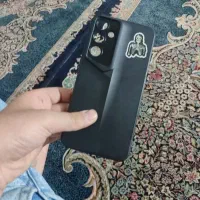 قاب گوشی 55a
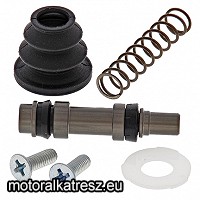 AllBalls 18-4003 kuplung felső munkahenger felújító készlet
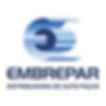 Embrepar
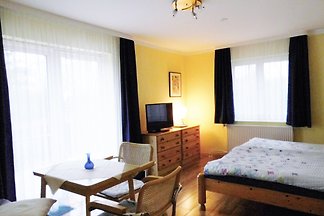 Appartement, Gästehaus Urban
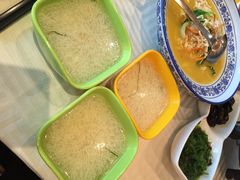 扬州狮子楼(邗江店)-扬州狮子楼·非遗淮扬菜(总店)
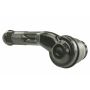 MEVOTECH MS90656 Steering Tie Rod End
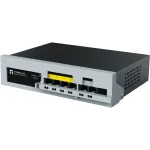 Коммутатор Netis ST106PDI-2-65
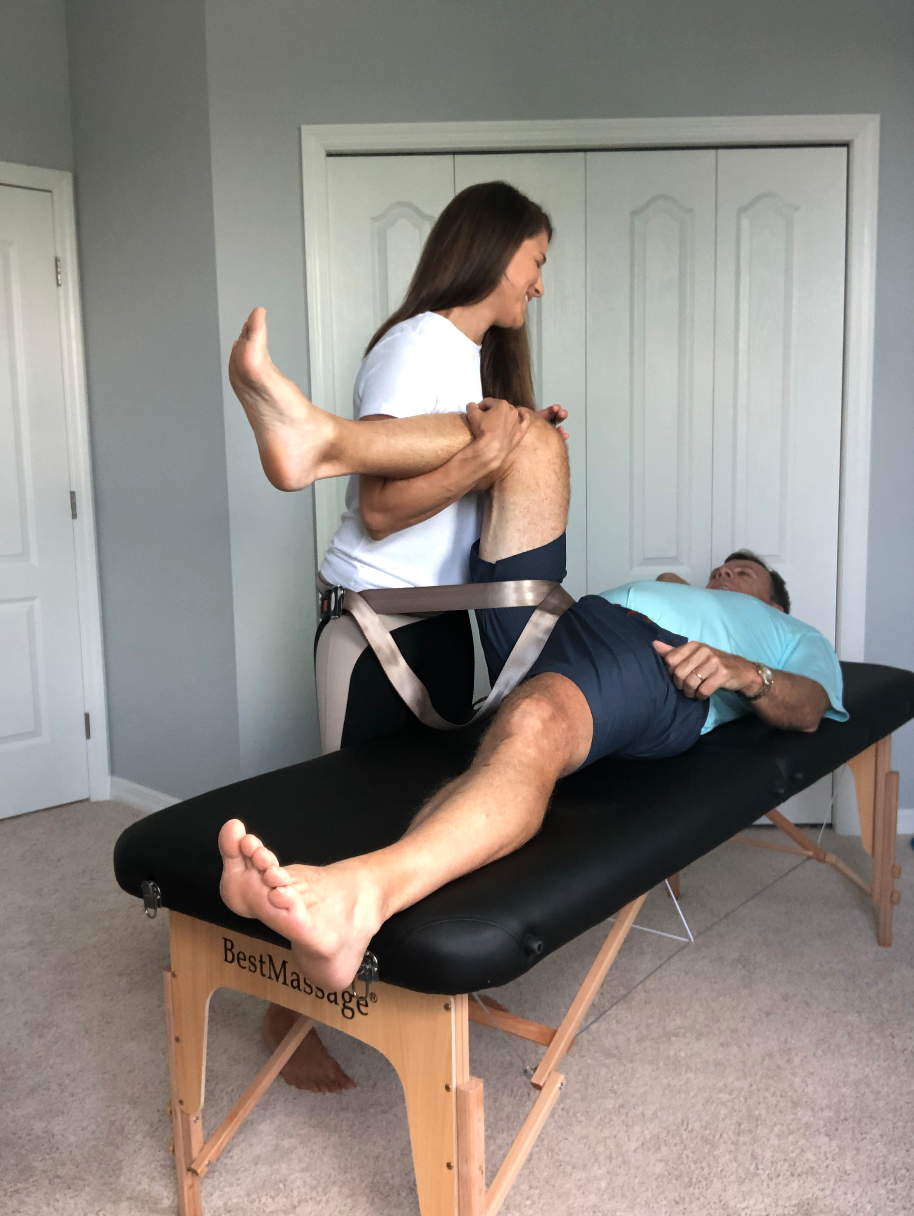 Core Values Physical Therapy Orlando, FL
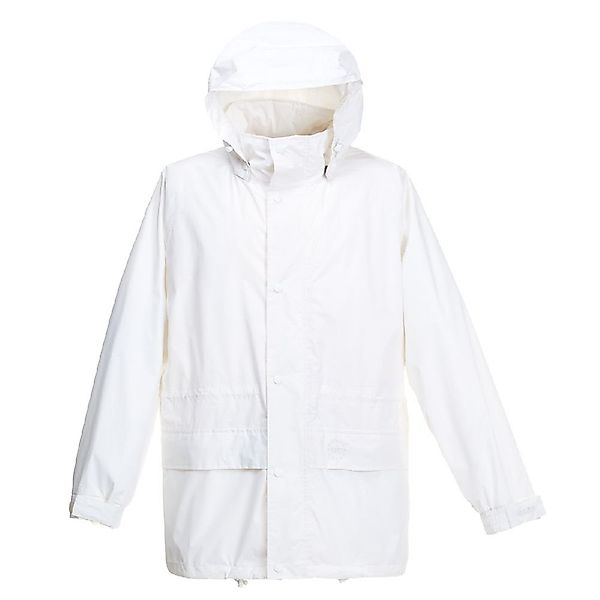 BMS Funktionsjacke günstig online kaufen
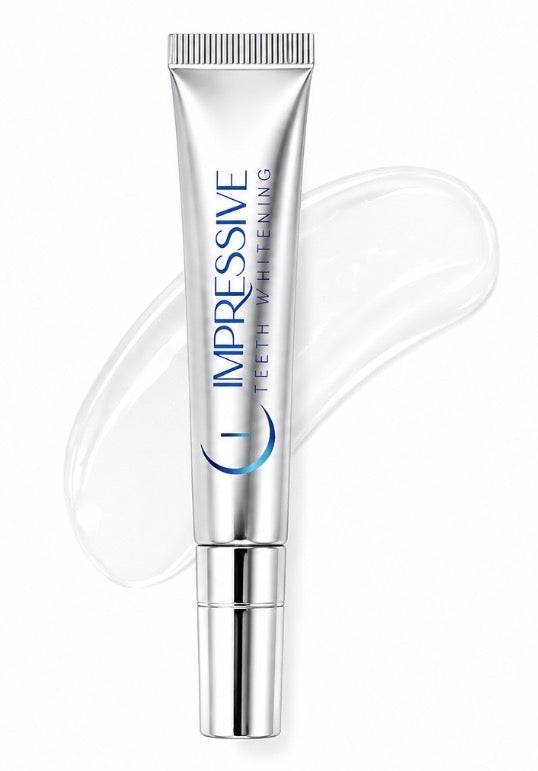 Impressive Luxe  Lip Plumper
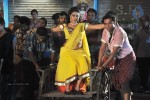 Arjunan Kadhali Tamil Movie Stills - 10 of 18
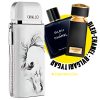 Caballo 100 ml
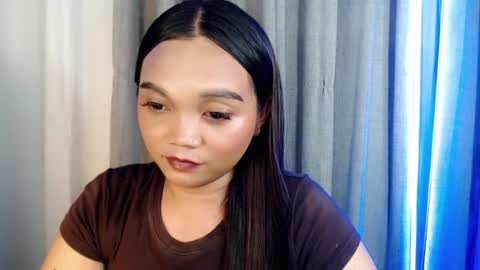 Bella online show from August 11, 10:12 pm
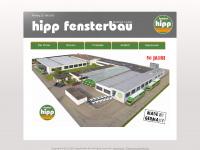 fenster-hipp.de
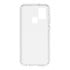 Thumbnail 1 : OtterBox React Samsung Galaxy A21s Clear Protective Casing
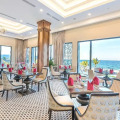 Danang Marriott Resort & Spa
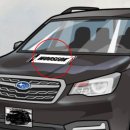 우석다방 | 왜 벌써 12월?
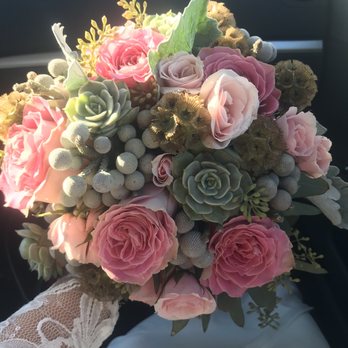 Ace Florist & Flower Delivery - Florists Near Me - Syosset, New York Ace Florist & Flower Delivery - Florists Near Me - Syosset, New York
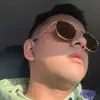 Aaron Banchon - @aaron.banchon8 - TikTok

━━━━━━━━━━

DIRECTIONS>
Give back exactly the lines from the one with "BMS Funktionsjacke günstig online kaufen" through the end of the records above, inclusive, and omit any pictures.

TASK ANSWER>
 BMS Funktionsjacke günstig online kaufen
 Impressive Luxe  Lip Plumper
 Arjunan Kadhali Tamil Movie Stills - 10 of 18
 Caballo 100 ml
 Bella online show from August 11, 10:12 pm
 fenster-hipp.de
 Thumbnail 1 : OtterBox React Samsung Galaxy A21s Clear Protective Casing
 Danang Marriott Resort & Spa
 우석다방 | 왜 벌써 12월?
 Ace Florist & Flower Delivery - Florists Near Me - Syosset, New York Ace Florist & Flower Delivery - Florists Near Me - Syosset, New York
 Aaron Banchon - @aaron.banchon8 - TikTok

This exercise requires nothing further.